La batalla es poderosa. Uno grita y el otro contesta, así, repetidas veces, como si en las formas rítmicas de los cantos estuvieran yardas ocultas, dispuestas a ayudar cuando el sol quemante de un mediodía de otoño en la Ciudad de México merma la energía.

“Este clásico tiene algo muy especial, cuando tú abres la guerra de goyas y huelums, es algo que yo no he vivido en ningún otro lugar, en ningún otro deporte, en ninguna otra circunstancia. La gente que viene se le olvida el juego, se te olvida quién va ganando, quién va perdiendo, lo importante es quien grita más fuerte”, me dice Don Rubén Ávila, aficionado a la Universidad desde sus tiempos del CCH Sur, cuando formó parte de la primera generación.
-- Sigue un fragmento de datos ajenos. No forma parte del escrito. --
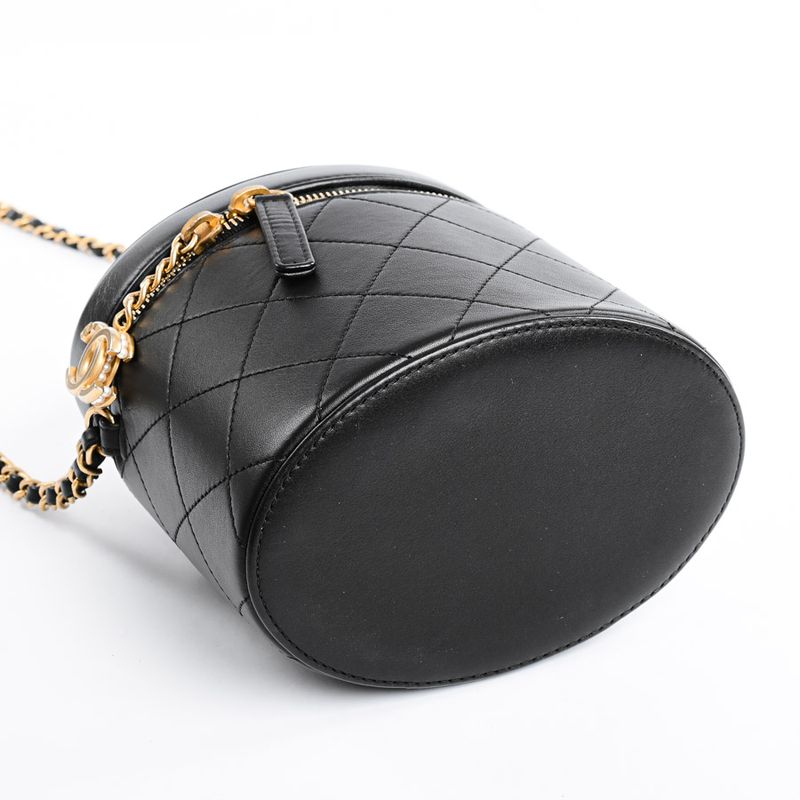 Chanel Shoulder Bag Vanity Chain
Lleva puesto un zarape azul y oro que su madre, en paz descanse, se lo compró en Chiconcuac, como una forma de tenerla cerca.

Los cánticos suenan, como una costumbre que ha hecho de la rivalidad una banda sonora. El Goya, aquel grito que los estudiantes de la preparatoria ocupaban para convocar las huidas al cine Goya en horas de clase, y con los años fue adaptando nuevas formas, al calor de los emparrillados. El Huelum como respuesta, las palabras reconvertidas, el Instituto Politécnico Nacional, en un guiño a la gloria.
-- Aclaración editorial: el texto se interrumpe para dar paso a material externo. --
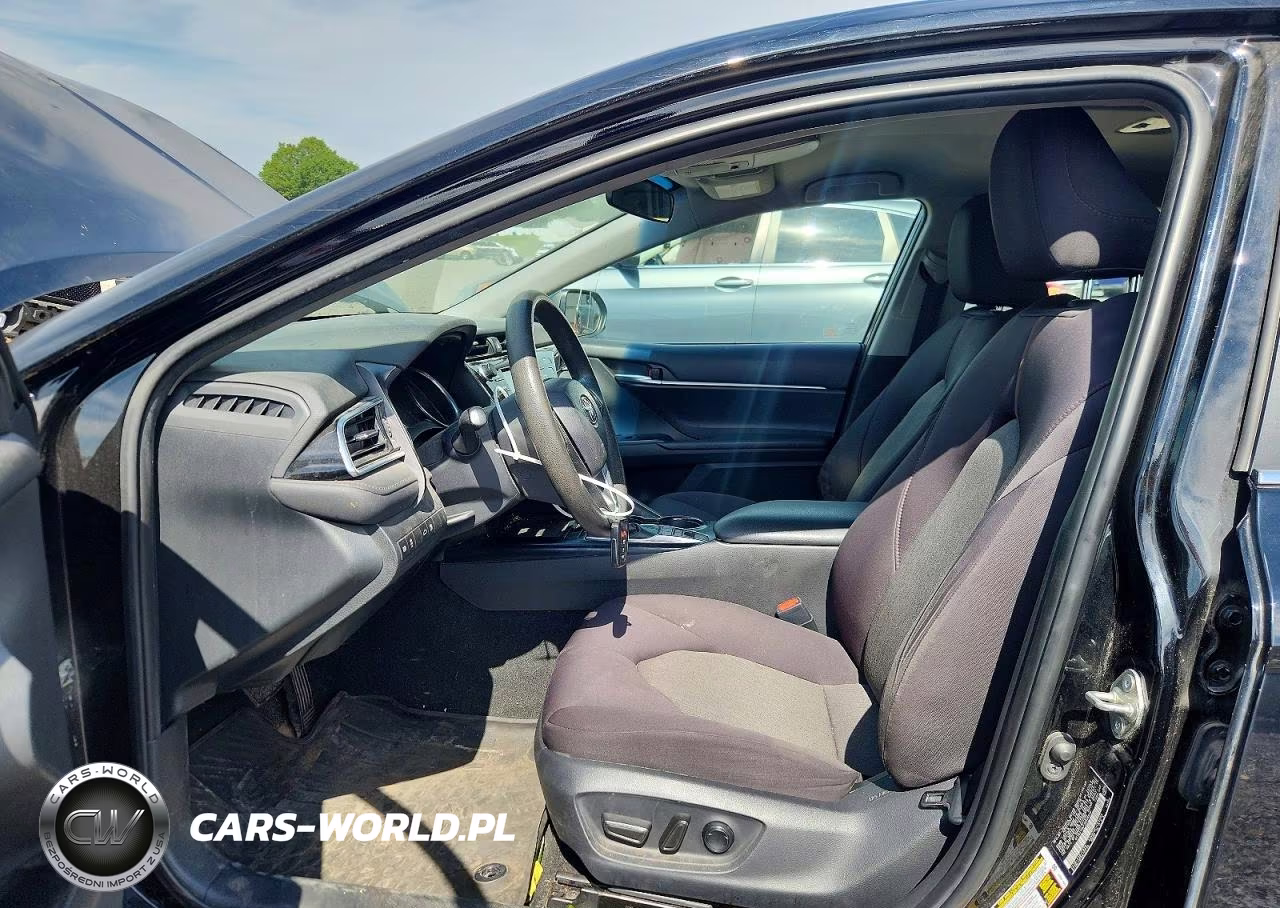 2018 Toyota Camry VIN:4T1B31HK7JU506846 - 7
La entrada en el Olímpico fue como en las grandes tardes. Con un lleno simbólico que colmó los espacios habilitados en el inmueble, con más de 30 mil espectadores. La entrada fue lenta, con intensos filtros de seguridad. El recuerdo de los tiempos violentos aún es reciente. Por años este partido estuvo secuestrado por los grupos de choque. El relato de las grandes grescas alejó a las familias. Entre las más recordadas está la que se dio en 1997 en el Wilfrido Masseu, cuando Cóndores visitaron a Águilas Blancas y una batalla campal dejó 50 heridos antes de que se diera incluso el arranque del partido.

“Me tocó estar en el Wilfrido Masseu, cuando todavía eran Cóndores, contra Águilas Blancas, fue algo muy feo. Era algo mandado, porque había granaderos, pero nunca hicieron nada, desde que llegamos”, recuerda don Rubén.

Ahora el ambiente ha vuelto a ser familiar, o al menos eso se intenta. Los niños llegan de la mano de sus padres y sus abuelos. La historia es repetida. “Yo regresé a los partidos por mi hijo, un día me dijo, si es tan bonito porque no nos llevas. Se me ocurrió decirle que si había boletos los llevaba, había un concierto de rock ahí en el estadio, pero todavía había, así que me amarró. Estaban chiquitos, dos varoncitos, le dije a un sobrino que nos acompañara para correr por si se armaba feo, él con uno y yo con otro”, dice.
La tarde avanza conforme a lo planeado. Suena la banda, los bombos, el Pimpirrim Pimpim, el himno de la Universidad Nacional.

Pumas y Águilas Blancas no decepcionan en el emparrillado, y ofrecen un partido acorde a su rivalidad, cerrado, bien jugado, dramático por momentos, digno de una rivalidad que comenzó en 1936 y que año con año, aunque los equipos cambien, siempre encuentra la forma de reinventarse.